— What you should do —
The response consists of the lines from the start of the material below through the line holding "Cover Image for", repeated word for word and without pictures.

— Information provided —
============================================================

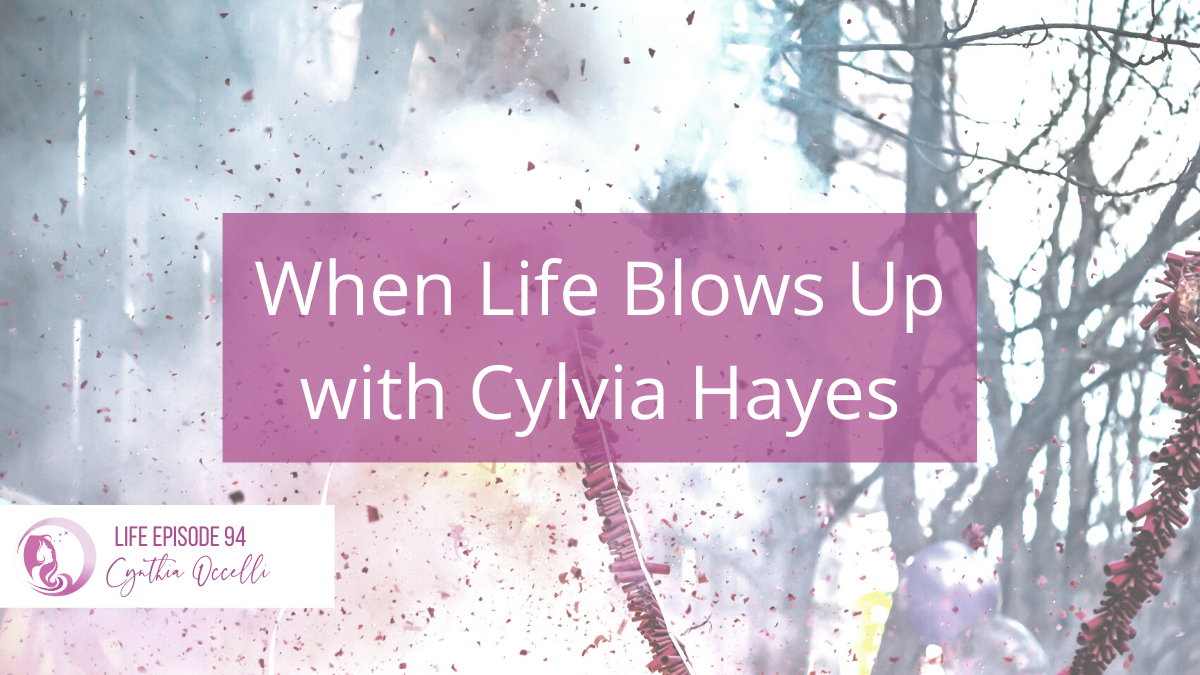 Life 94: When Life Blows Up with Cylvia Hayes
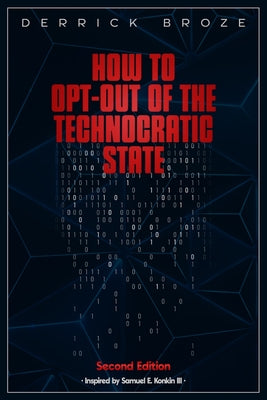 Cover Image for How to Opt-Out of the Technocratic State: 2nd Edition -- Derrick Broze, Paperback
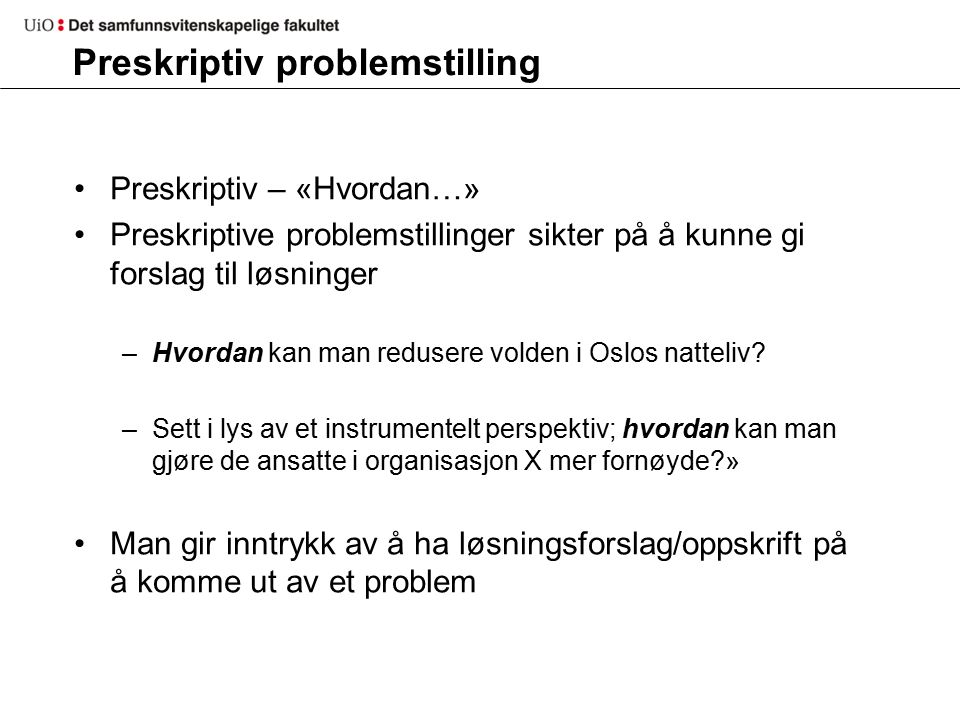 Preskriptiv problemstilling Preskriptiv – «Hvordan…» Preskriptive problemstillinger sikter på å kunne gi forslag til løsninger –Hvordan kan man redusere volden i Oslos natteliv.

============================================================

— Output below —
 Life 94: When Life Blows Up with Cylvia Hayes
 Cover Image for How to Opt-Out of the Technocratic State: 2nd Edition -- Derrick Broze, Paperback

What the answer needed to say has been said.